WHAT IS BEING ASKED - Exact copy, no pictures: restate each entry below word for word.

Scraped caption text data -
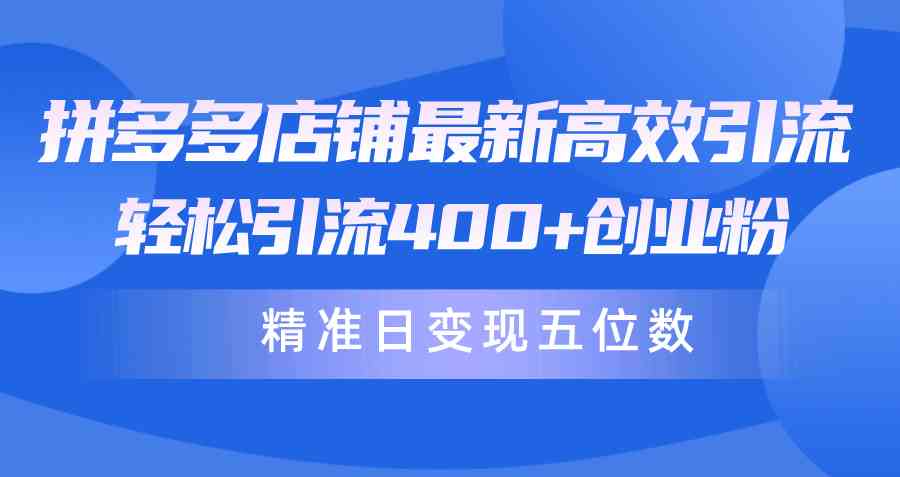 （10041期）拼多多店铺最新高效引流术，轻松引流400+创业粉，精准日变现五位数！-泡泡网赚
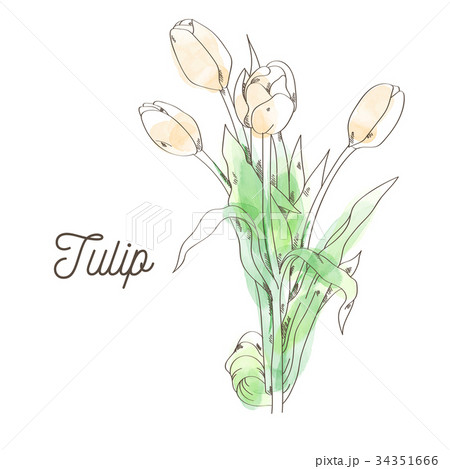 Beautiful tulip illustration on white background Beautiful tulip illustration on white background 34351666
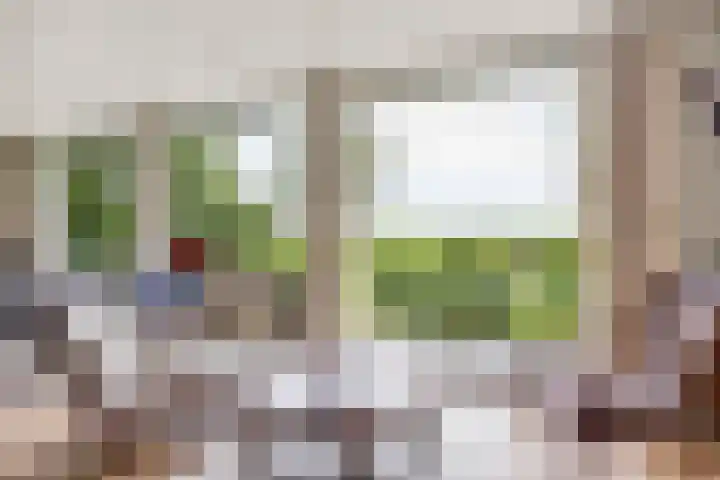 De Wymerts 1 Molkwerum thumbnail 25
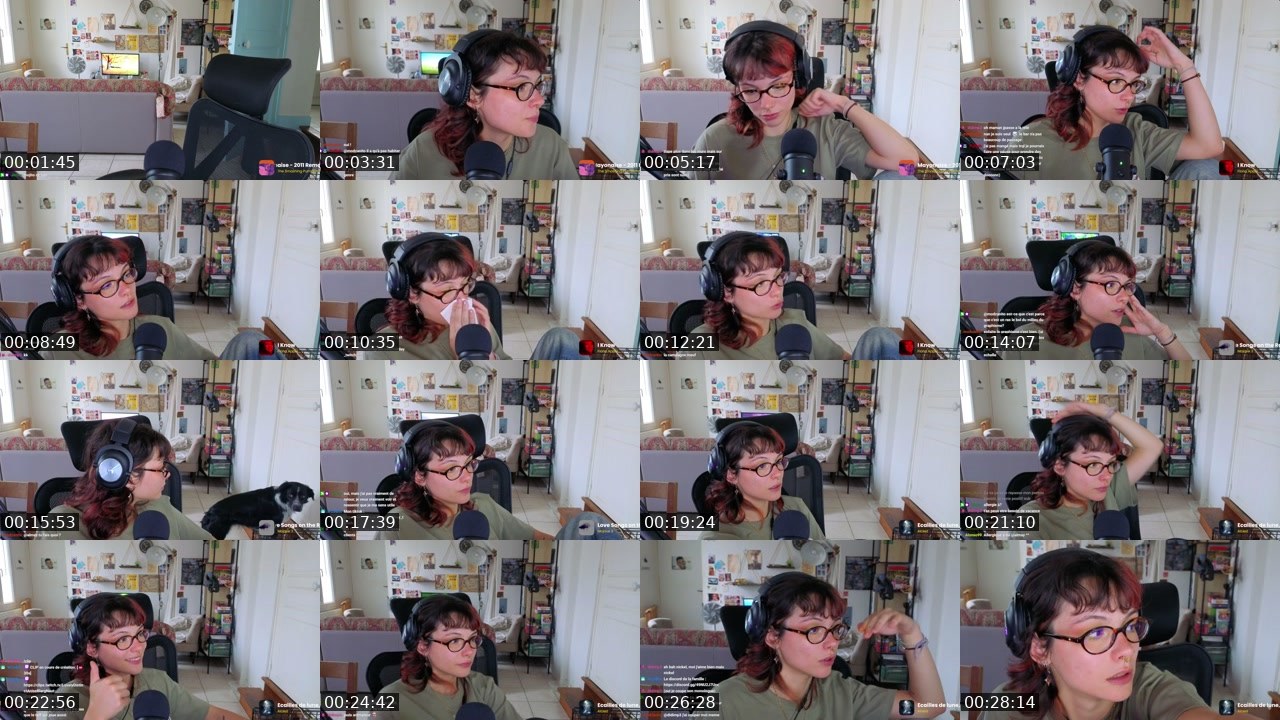 Contact-sheet preview of leihley's Twitch recording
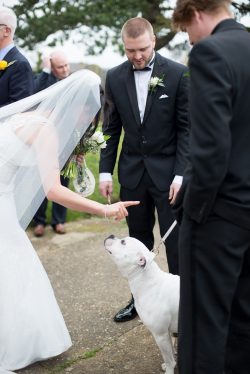 Bride telling off the dog and making him sit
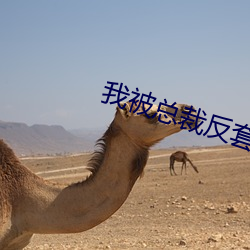 我被總裁反套路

EXERCISE RESPONSE -
 （10041期）拼多多店铺最新高效引流术，轻松引流400+创业粉，精准日变现五位数！-泡泡网赚
 Beautiful tulip illustration on white background Beautiful tulip illustration on white background 34351666
 De Wymerts 1 Molkwerum thumbnail 25
 Contact-sheet preview of leihley's Twitch recording
 Bride telling off the dog and making him sit
 我被總裁反套路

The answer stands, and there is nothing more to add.